Runge's version goes like this: A mother, who has long wished for a child, at last becomes pregnant, but dies (after eating juniper berries) as her son is born and is buried under the juniper tree. Her son is mistreated and finally decapitated by his stepmother, who then serves his mangled body to his father in a stew. His half‐sister, however, convinced that she is responsible for his death, remains faithful to his memory, buries his bones under the juniper tree, and watches as a bird rises through mist and fire from the grave. The bird then sings a song recounting a compressed version of his story:
My mother, she killed me.
My father, he ate me.
My sister Marlene
Gathered up my bones,
Put them in a silken scarf,
Buried them under the juniper tree.
Keewit, keewit, what a fine bird am I.The bird repeats the song to a goldsmith, to a shoemaker, and to some millers, and receives a gold chain, a pair of red shoes, and a millstone in return. He then flies back to the juniper tree and, singing his song again, drops the gold chain around his father's neck, the red shoes in his sister's lap, and the millstone on his stepmother's head. Her eyes and hair shoot fire, but after she is crushed the brother appears in the flames and smoke. The father, sister, and brother joyfully return to the house to eat together.

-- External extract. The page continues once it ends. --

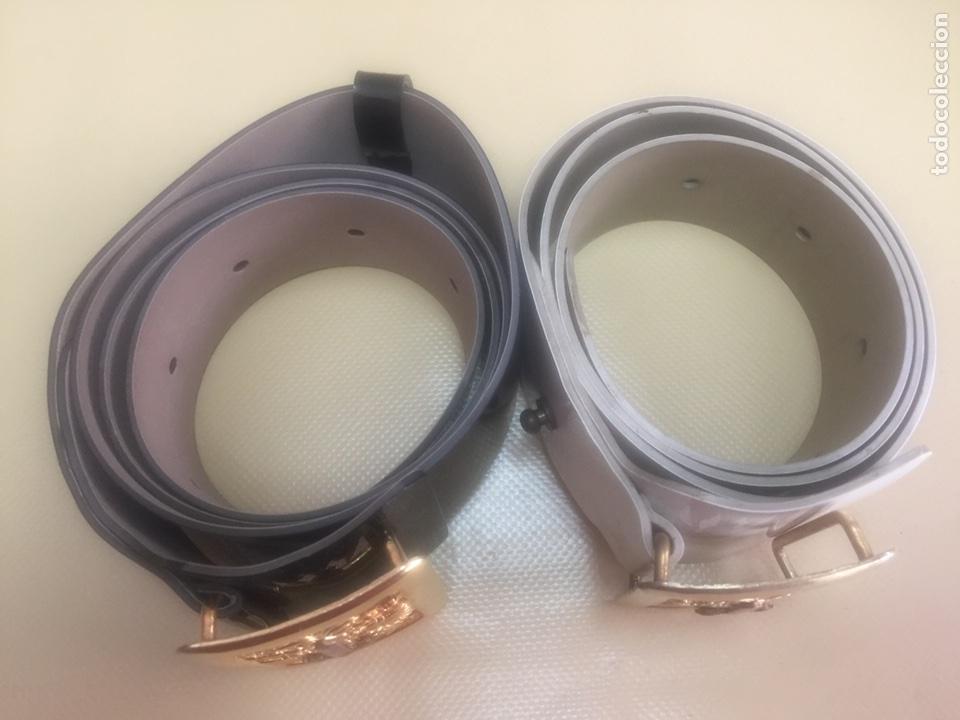 Militaria: 2 CINTURONES EJERCITO ESPA&Ntilde;OL. - Foto 4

The tale was certainly well known in German‐speaking cultures long before Runge and the Grimms wrote it down. Beginning with the earliest versions of Faust (1774), Goethe has his Gretchen sing a version of the bird's song in prison, strangely appropriating the voice of her murdered child as her own.
Many versions of this tale are told in cultures around the world. In Russia the juniper tree becomes a birch, in England a rose‐tree; in England the murdered child is usually a girl. But the motifs of family violence and cannibalism, of death, retribution, and resurrection are always present.
Maurice Sendak, Randall Jarrell, and Lore Segal chose ‘The Juniper Tree’ as the title tale for their two‐volume collection of the Grimms' tales (1973). Margaret Atwood uses motifs from the tale in her poem ‘The Little Sister’ and in some of the legendary folk material in her 1972 novel Surfacing.
Bibliography
- Belgrader, Michael, Das Märchen von dem Machandelbaum (1980).
- Tatar, Maria, “‘Telling Differences: Parents vs. Children in “The Juniper Tree”’”, in Off With Their Heads! (1992).
- Wilson, Sharon Rose, Margaret Atwood's Fairy‐Tale Sexual Politics (1993).